Was mich unheimlich an diesem Jugendbuch unterhalten hat, waren die Einblicke in die Synchronisationstätigkeiten. Hinten in den Dankesworten der Autorinnen kann man auch nachlesen, dass die beiden intensiv recherchiert haben und auch einen Experten zur Hand hatten, was mich auch darauf vertrauen lässt, dass die Arbeit authentisch dargestellt wurde. Vor allem fand ich es als Setting für das Entstehen einer Liebesgeschichte sehr ungewöhnlich und der Rahmen hat mir unheimlich gut gefallen. Zumal ich mir die Arbeit so auch immer irgendwie vorgestellt habe.
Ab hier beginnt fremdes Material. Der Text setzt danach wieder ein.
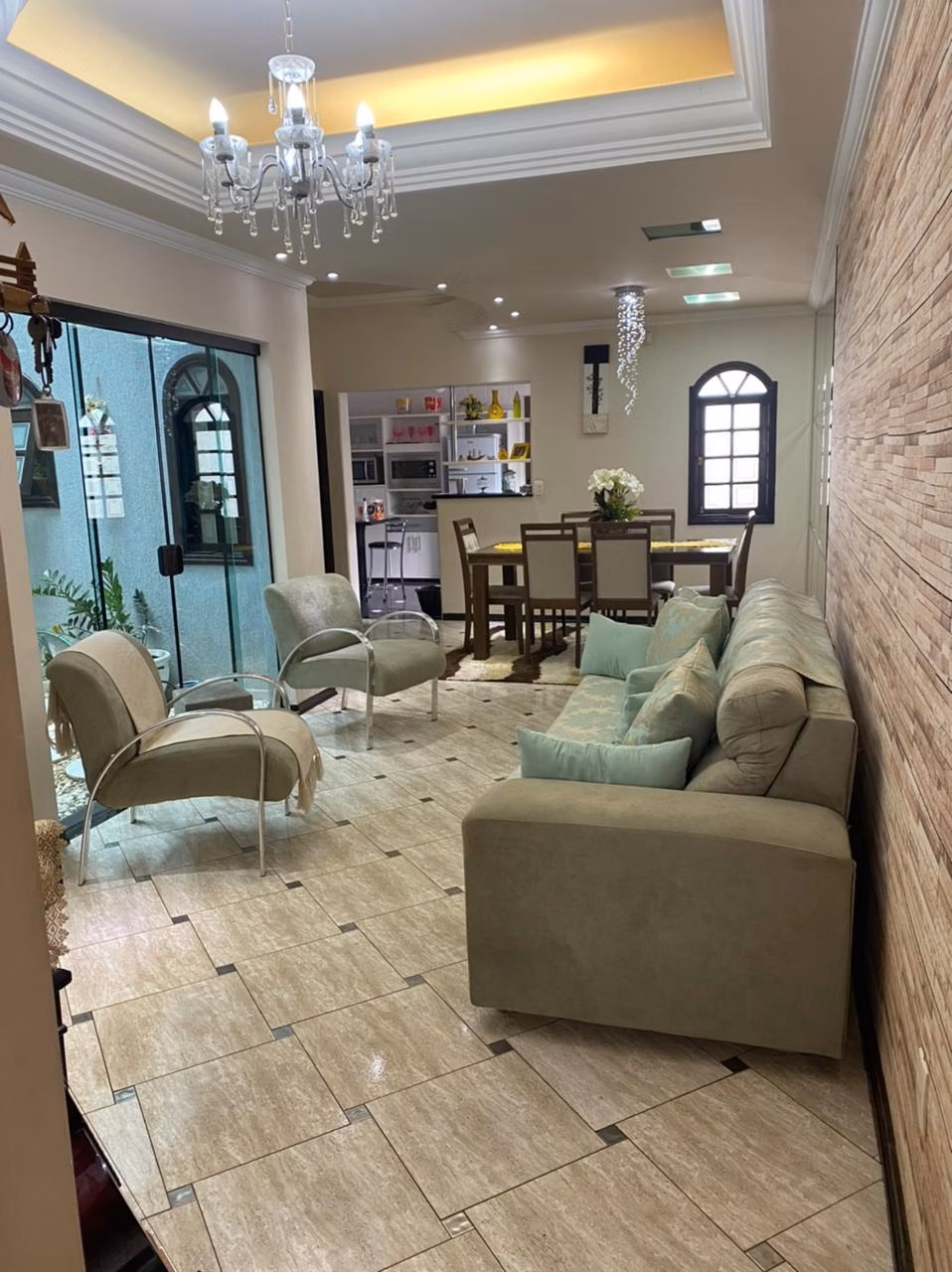 Casa de 150 m² em Americana, SP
Bei den Hauptcharakteren fangen aber schon die ersten Probleme an. Normalerweise habe ich die Erfahrung gemacht, dass die weiblichen Figuren tendenziell die Sturköpfe, die zusätzlich gepaart mit Launenhaftigkeit schnell anstrengend werden. In diesem Jugendbuch ist die Rollenverteilung genau andersherum. Ich habe Ben als unheimlich anstrengend empfunden, weil man durch seine Perspektive seine sensible Seite erahnen konnte, seine Taten ließen aber eher einen Elefanten im Porzellanladen vermuten. Zudem hat er ständig die Stimmung gewechselt, so dass ich bis zum Ende nicht recht wusste, woran mit ihm eigentlich ist. Lilly ist dagegen wesentlich solider angelegt und trotzdem kam sie mir zuoft wie ein Spielball vor, der keine eigene Meinung hatte. Immer wieder blitzt ihre Leidenschaft durch, aber das wird nicht konsequent bis zum Ende herausgearbeitet.

Durch die beiden war natürlich auch ihre Liebesgeschichte geprägt. Es gab richtig süße Momente, die mich auch sehr für die beiden erwärmt haben. Hauptsächlich war die Liebesgeschichte aber ein einziges Auf und Ab, da sie vor allem von Bens Launen abhängig war. Dann gab es aber auch wieder Momente, wo ich mir dachte: das ist so anstrengend mitzuverfolgen, aber so sind die Liebesgeschichten von heute doch, oder?! Gefühle ohne Ende sind vorhanden, aber man kann sich denen nicht stellen und steht sich letztlich selbst im Weg. Also im Grunde eine realistische Liebesgeschichte, die aber eben dennoch an den Nerven zerrte.

In einem letzten Punkt möchte ich noch auf den Schreibstil eingehen, der gerade im Jugendbereich, zumindest meiner Meinung nach, inzwischen zu einem typischen Stilmittel geworden ist. Es gibt unheimlich viele kurze Sätze, die fast schon staccato-artig an Gedankenfetzen erinnern. Dann wiederum gibt es Passagen, wo die Autorinnen sich in ihrer Wortgewandtheit austoben und so tief in der Gefühlskiste graben, das man sich schon fast an einen Prosatext erinnert fühlt. Als Beispiel nenne ich hier nur mal die erste Begegnung von Ben und Lilly, wo er direkt etwas merkt und mit diesem Ich nichts anzufangen weiß und ihn den ‚Fremden‘ nennt. Das ist ja schon fast philosophisch. Und diese beiden Stile wurden so verrückt miteinander gemischt, dass es sich zwar um eine flotte Lektüre handelte, aber nicht immer um eine Lektüre, die in den richtigen Momenten die Intensität der Gefühle bot. Da gab es leider ganz eindeutig zu viele Schwankungen.

Fazit: Eine klassische Liebesgeschichte wird im ungewöhnlichen Rahmen eines Synchronisationsstudios erzählt. Dieser Aspekt hat mich sehr unterhalten. Meine Schwierigkeiten hatte ich jedoch mit den beiden Hauptfiguren, allen voran Ben, der ein sehr anstrengende Diva darstellte. Zudem war der Schreibstil ein Mix aus Extremen. Das findet man in Jugendbüchern immer öfters, nur leider geht dafür doch auch eine ganze Menge an Gefühl verloren. Daher ist abschließend zu sagen, dass das Potenzial groß ist, die Umsetzung aber noch etwas hapert.